In the book, you talk about leaving a domestic violence situation as a ‘process’. What do you mean by that?

Taking the decision to leave an abusive relationship is a complex one, involving considerations of risk and safety, the availability of resources and the gains and losses involved. And the situation is made even more difficult by the effect domestic violence has had on confidence and self-esteem. Some women leave temporarily, to give themselves a respite from the abuse; others may still be hopeful that the relationship may work and leaving may provide the shock needed to improve the situation.  These women may need to leave and return a number of times before they are finally ready to move on. Some may return because of the financial and social difficulties they see facing them, but leave again at a later date. For all of these women, the process of leaving may provide space to reflect on the relationship and her needs and gradually increase her confidence in her ability to live independently.

For some of the women I met, leaving had been a ‘once and for all’ action, driven by anger, or fear of imminent death. Others had experienced this ‘process’ of leaving and returning until they felt they were ready to finally leave. They valued the way support had continued to be available to them and that workers had not ’given up’ on them because they had returned to their abusers.

The message of your book is one of hope. What positive lessons can be derived for those working in support services? For other victims of domestic violence?
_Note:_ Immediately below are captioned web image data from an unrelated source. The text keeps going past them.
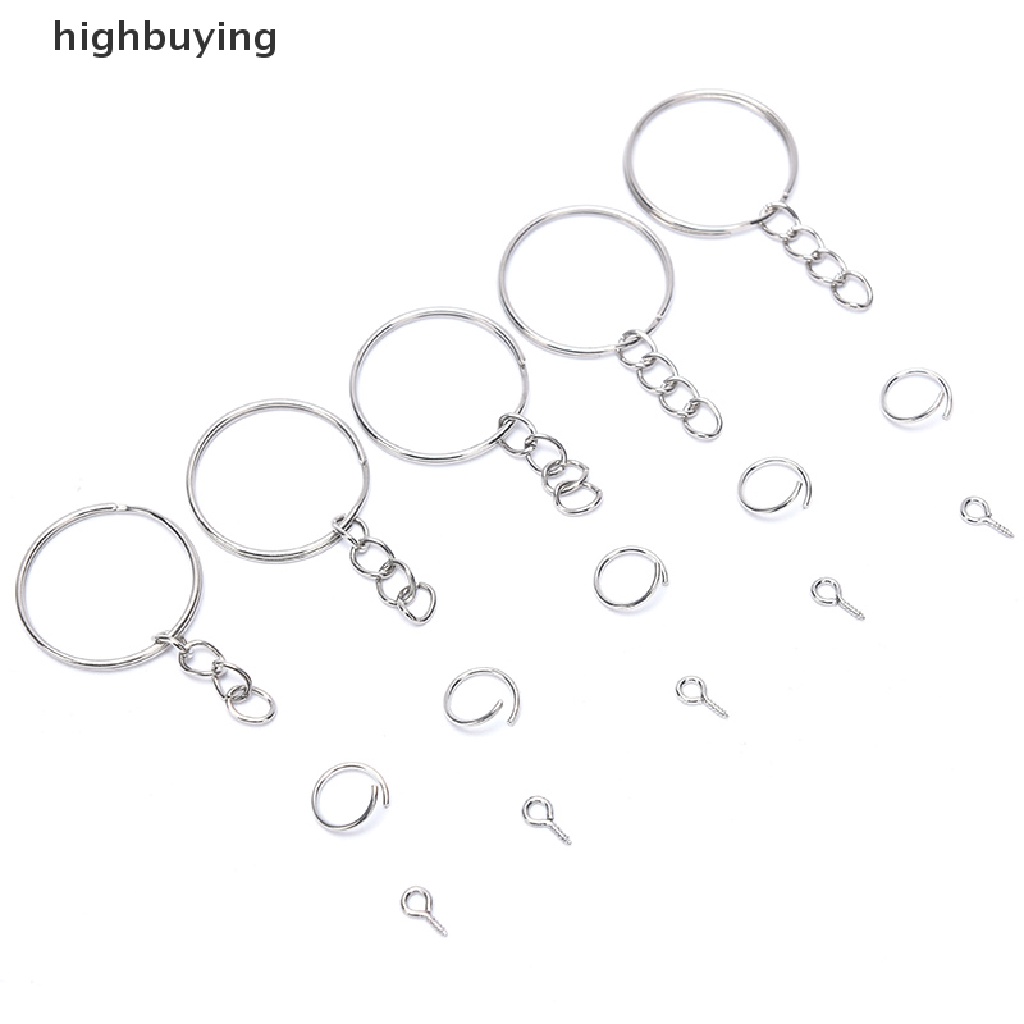 Hbid 150pcs Ring Gantungan Kunci DIY Dengan Mata Sekrup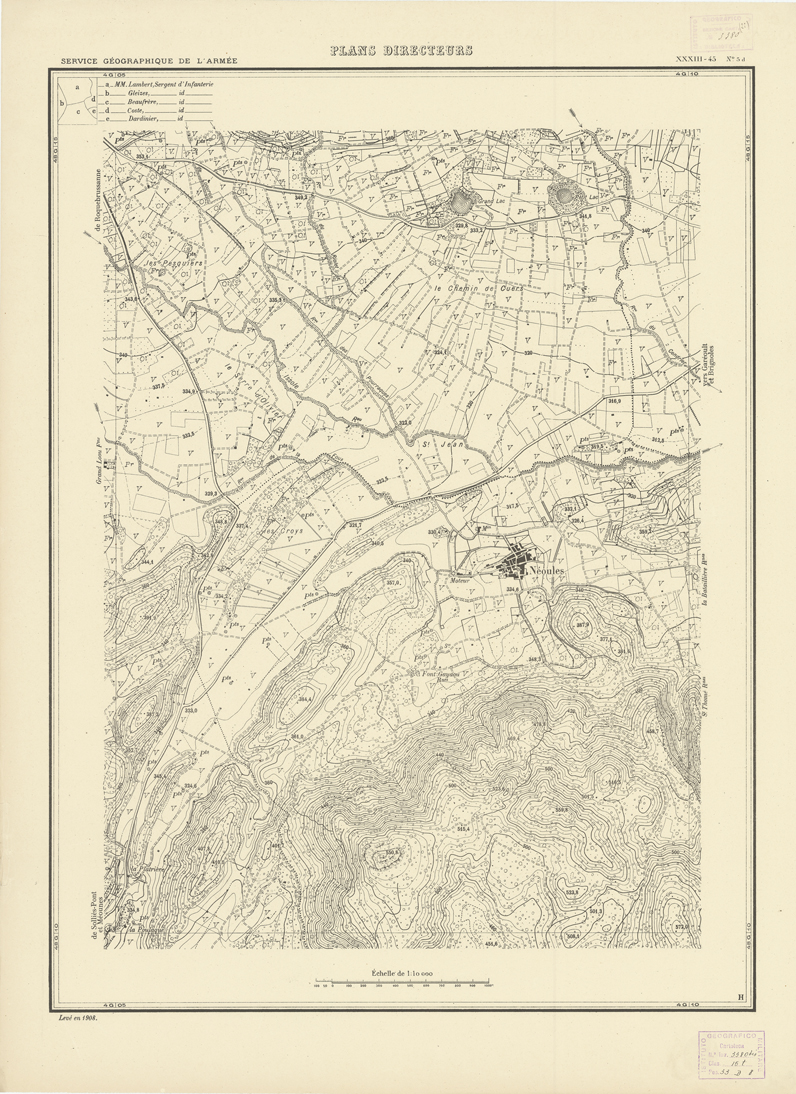 (N:20809) PLANS DIRECTEURS - XXXIII 45 N3d (B0017290) Carte e stampe antiche: riproduzione a colori su carta (formato A1)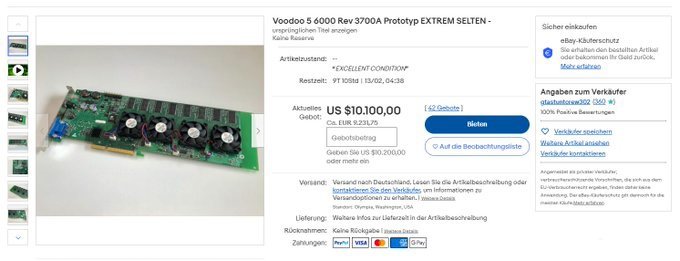 四芯显卡 3dfx Voodoo 5 6000 原型上架拍卖，目前出价近万美元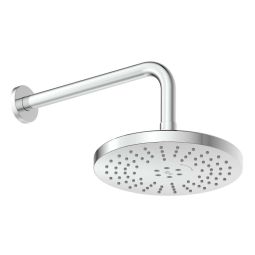Chuveiro redondo com braço de parede e 2 funções 200mm Flow Cromado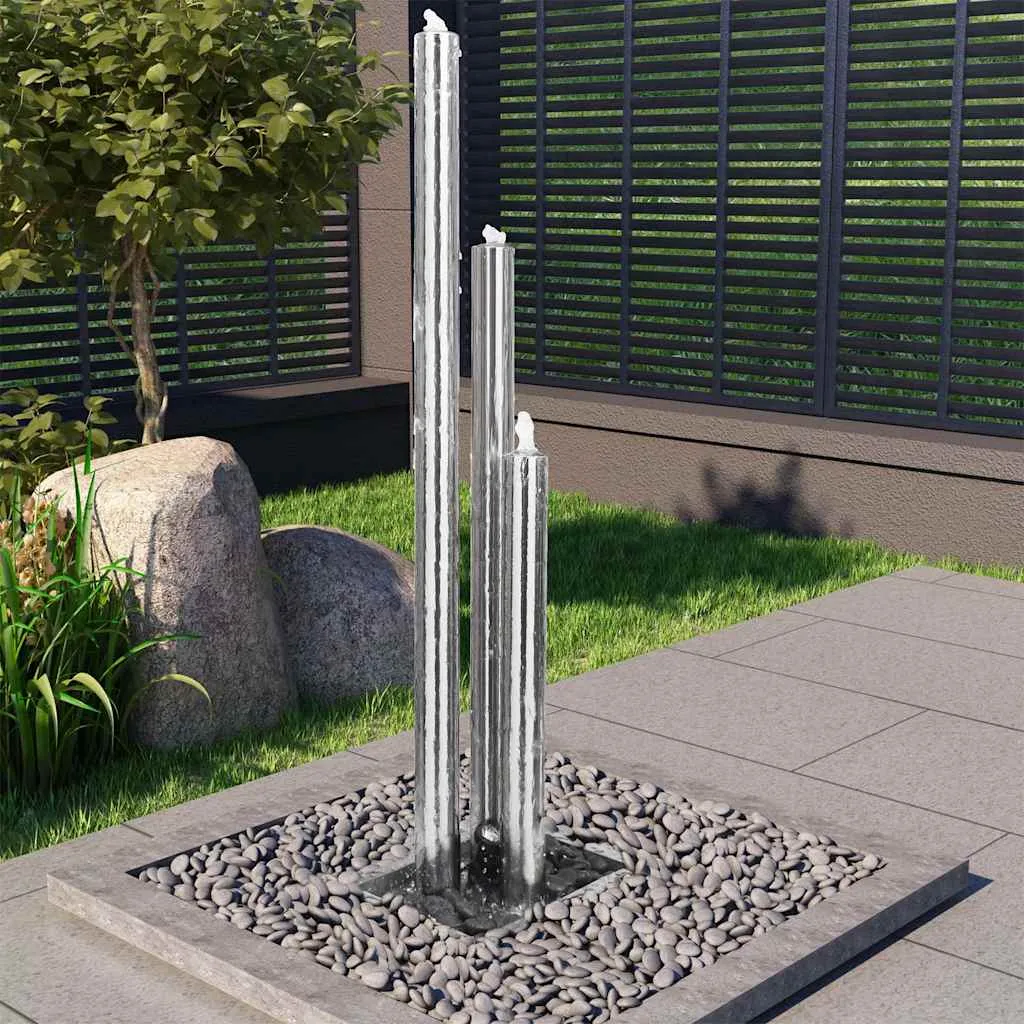 vidaXL Vrtna fontana srebrna 48 x 34 x 153 cm od nehrđajućeg čelika - Venlo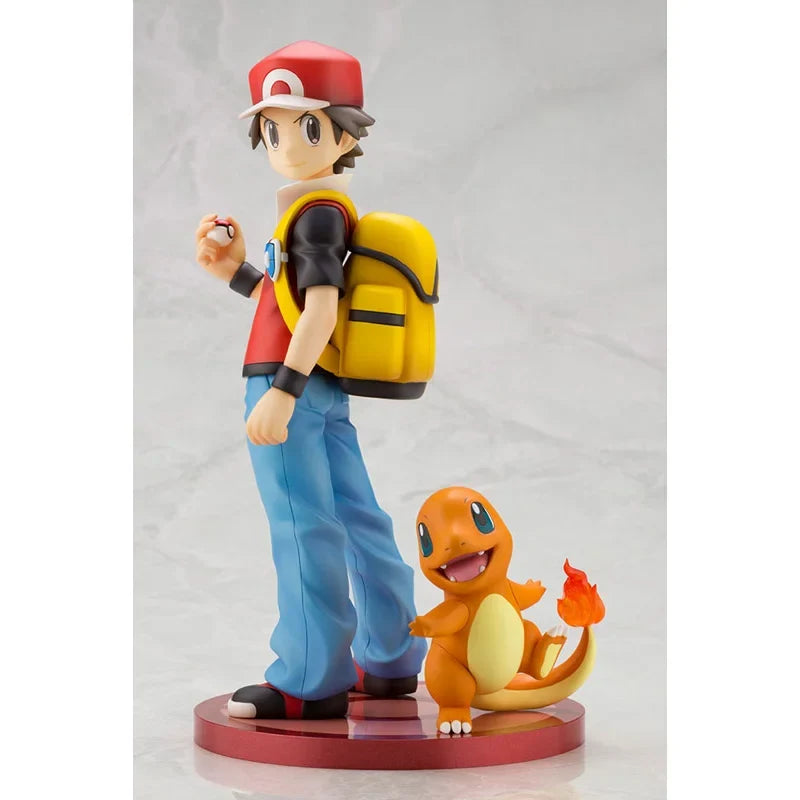 Original Kotobukiya 1/8 ARTFX J Pokemon Series Red with Charmander In Stock Anime Action Collection Figures Model Toys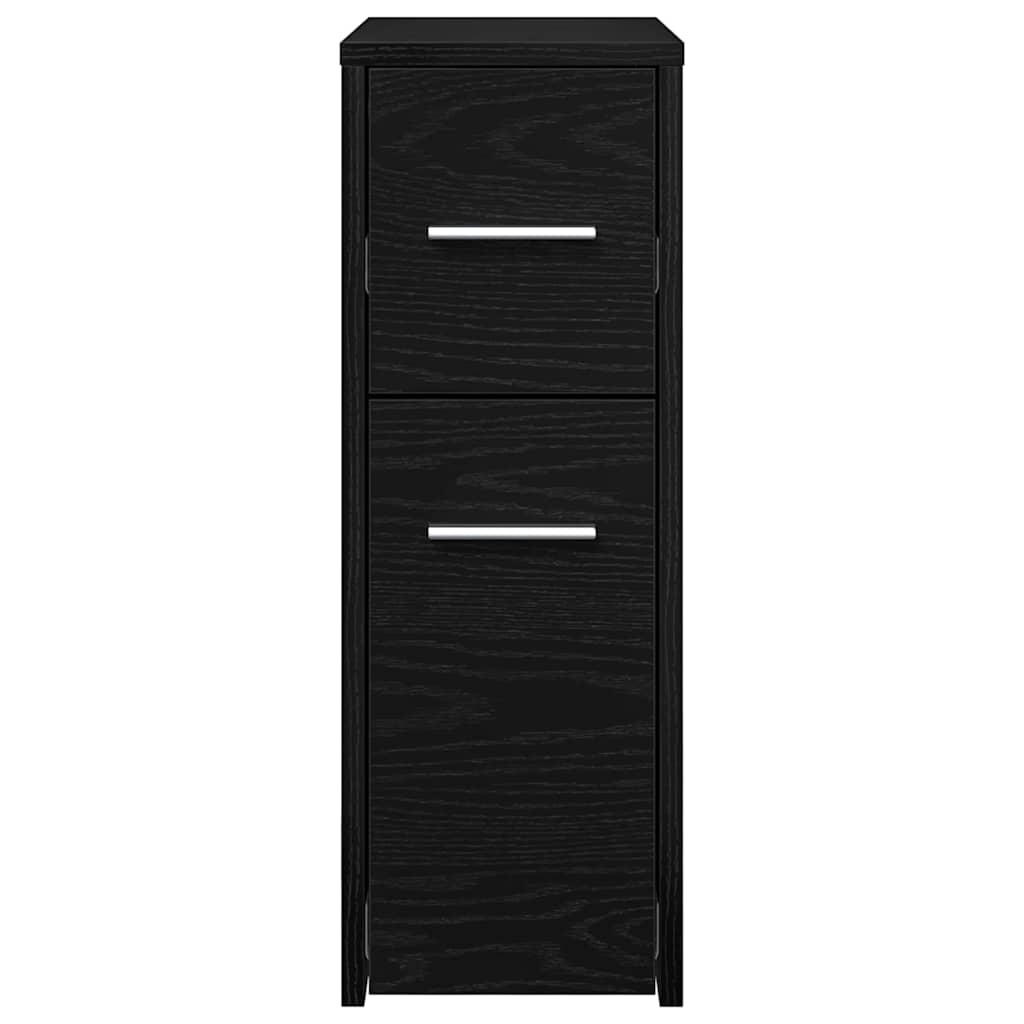 vidaXL Bathroom Furniture Set Wall-mounted Black Oak 22 x 44 x 61.5 cm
I think there is one clear message both for service providers and women who experience domestic violence and abuse – don’t give up! Leaving an abusive relationship is not easy, neat, simple, or straightforward, but with courage, determination and appropriate support, new and better lives, free from violence, can be built and maintained.    

At the end of our last meeting, I asked all the women if there was a message that they would like to send to other women who were experiencing domestic violence.  Their responses, intensely personal and deeply moving, showed how they had moved on in their lives, established new non violent relationships and were now able to reach out to offer hope and encouragement to other women who were suffering as they had done in the past.